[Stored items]
---

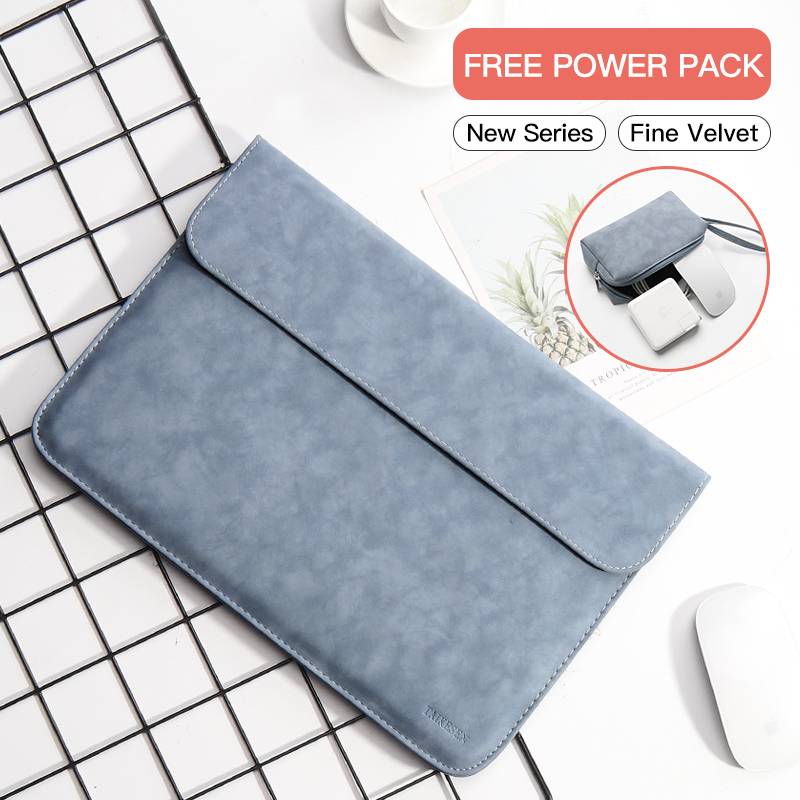 맥북 에어 M2 15 13.6 케이스 M1 프로 13. - Xiaomi Laptop Accessories 리뷰 및 가격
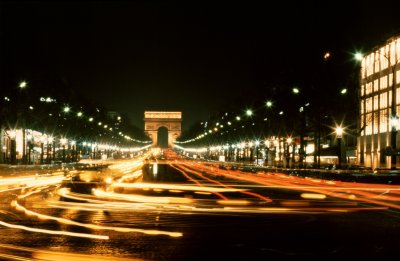 1982-02_Paris099.jpg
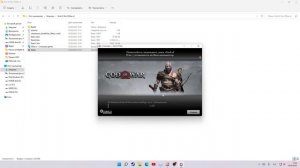 Решение проблемы unarc.dll вернул код ошибки: -1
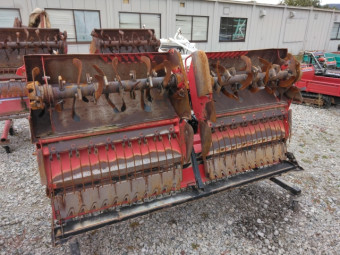 ハロー サイバーハロー TX350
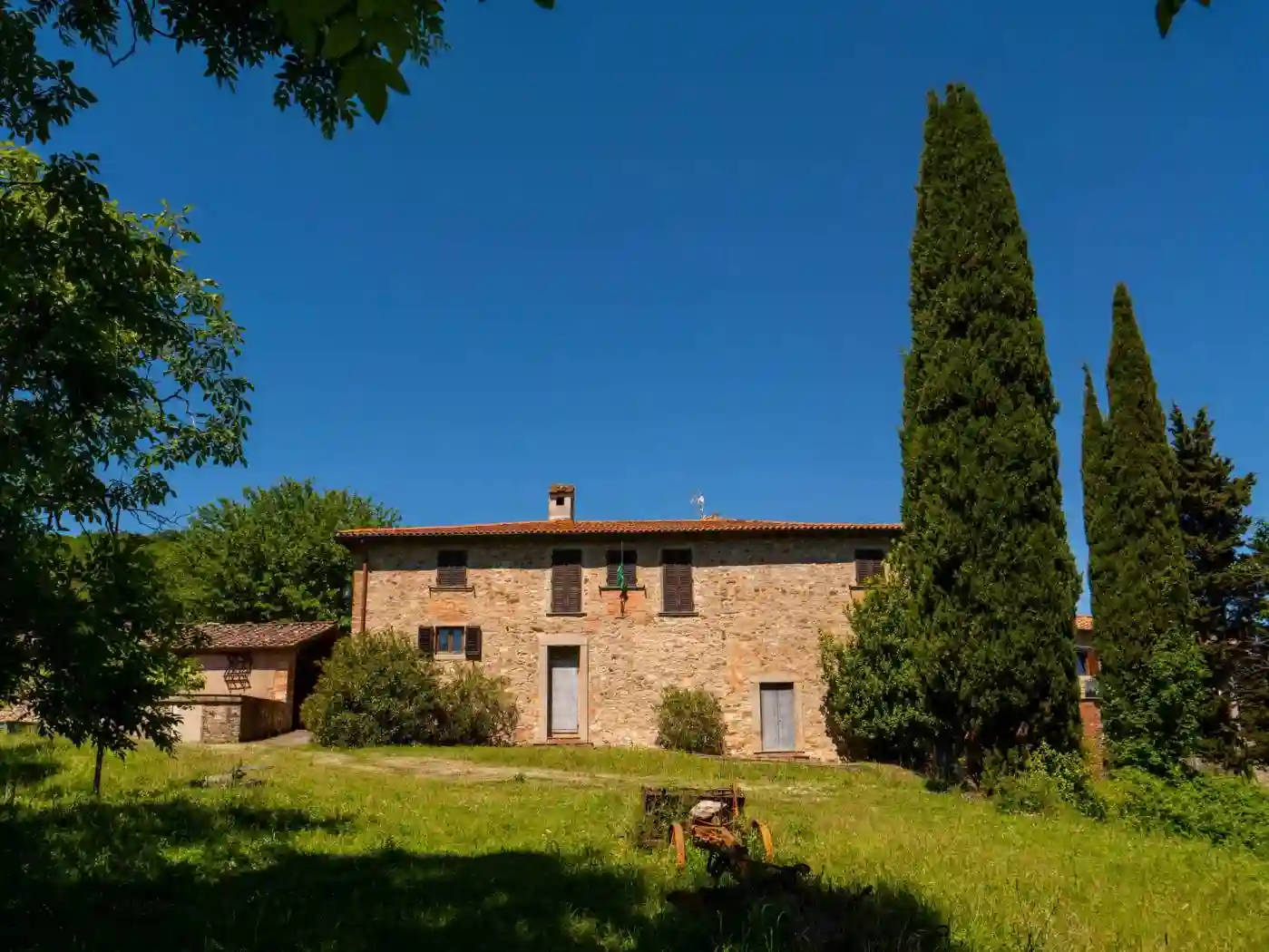 Rustico - Casale - foto 5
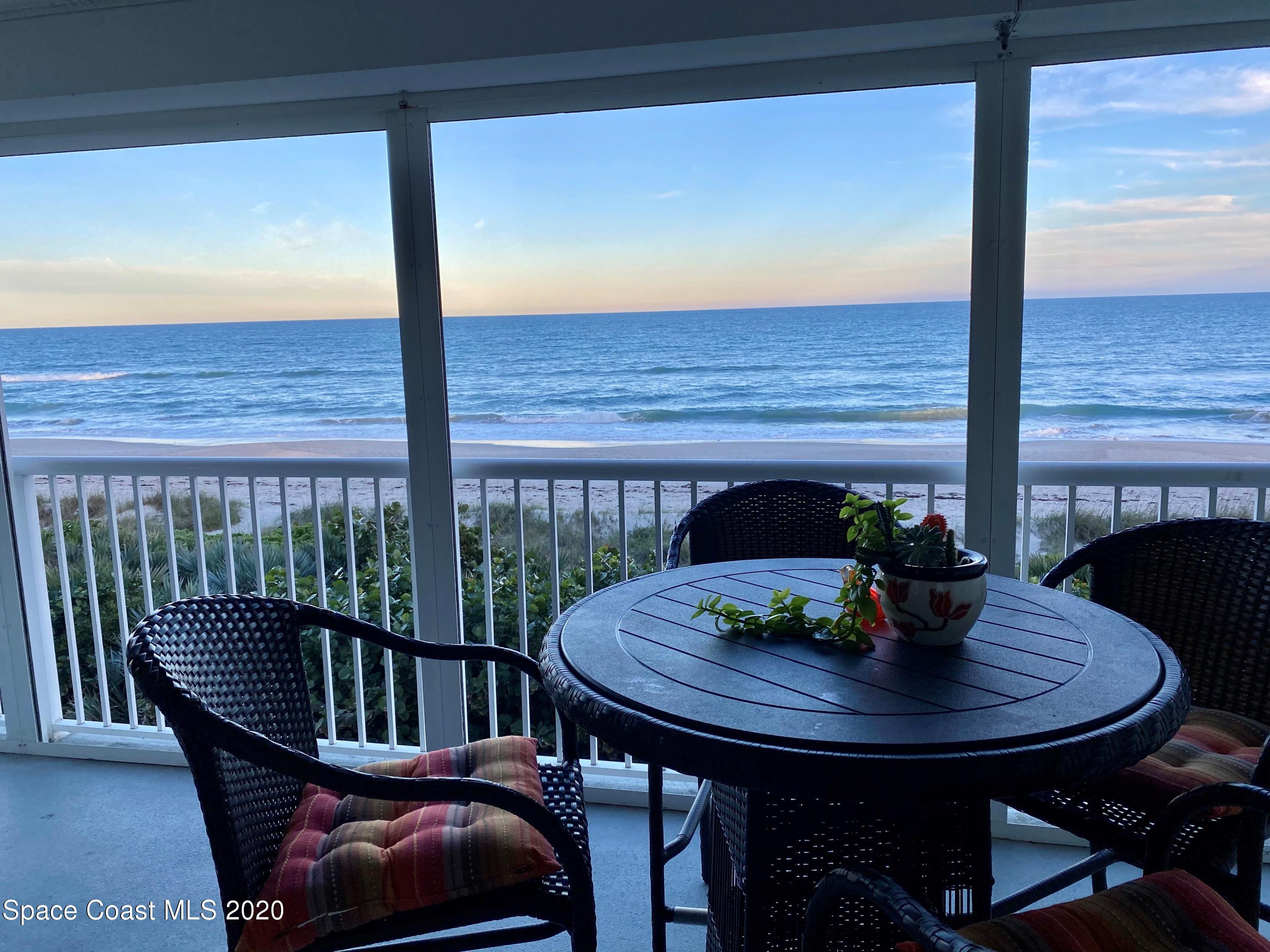 1555 N Highway A1a 202 — photo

---

▶ Exercise aim
Write the lines above out again exactly, without any of their pictures.

▶ Exercise answer
 맥북 에어 M2 15 13.6 케이스 M1 프로 13. - Xiaomi Laptop Accessories 리뷰 및 가격
 1982-02_Paris099.jpg
 Решение проблемы unarc.dll вернул код ошибки: -1
 ハロー サイバーハロー TX350
 Rustico - Casale - foto 5
 1555 N Highway A1a 202 — photo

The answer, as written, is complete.